Your assignment.
Reproduce the listing in full, exactly as written, but without images.
Given data section start
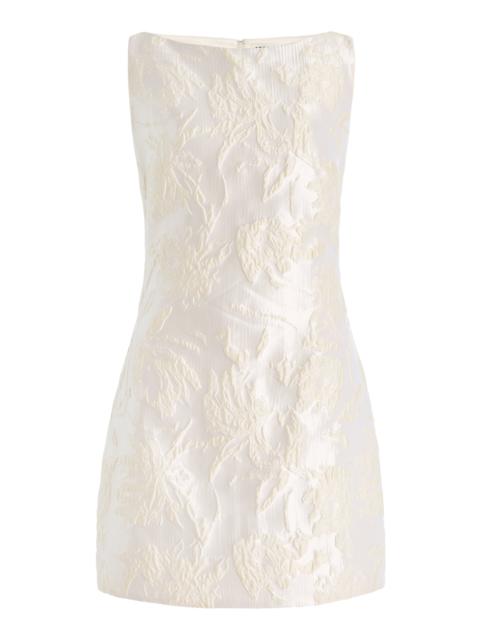 Mimi Jacquard Mini Dress ivory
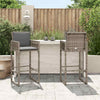 Graue Romoco Outdoor-Barhocker (2 Stück Polyrattan)
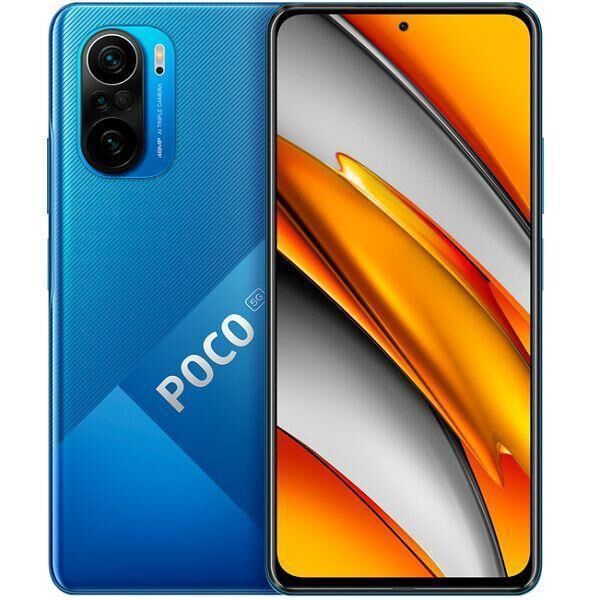 Mobiiltelefon Poco F3, sinine, 8GB/256GB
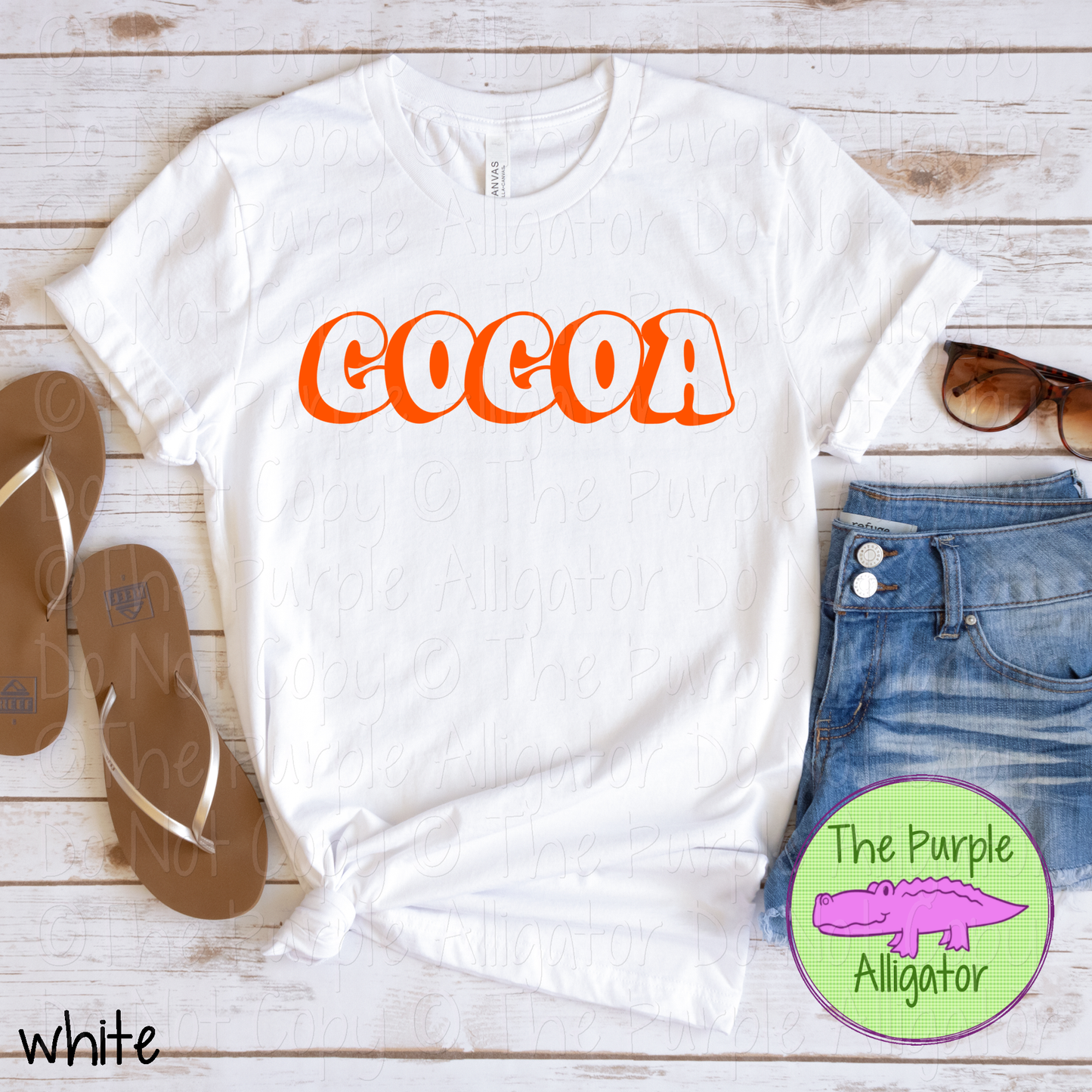 Cocoa Structured Chaos - The Outline Series | Spirit Wear Tee - Bold Outline Design 0226 TPA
Given data section end
Answer space.
 Mimi Jacquard Mini Dress ivory
 Graue Romoco Outdoor-Barhocker (2 Stück Polyrattan)
 Mobiiltelefon Poco F3, sinine, 8GB/256GB
 Cocoa Structured Chaos - The Outline Series | Spirit Wear Tee - Bold Outline Design 0226 TPA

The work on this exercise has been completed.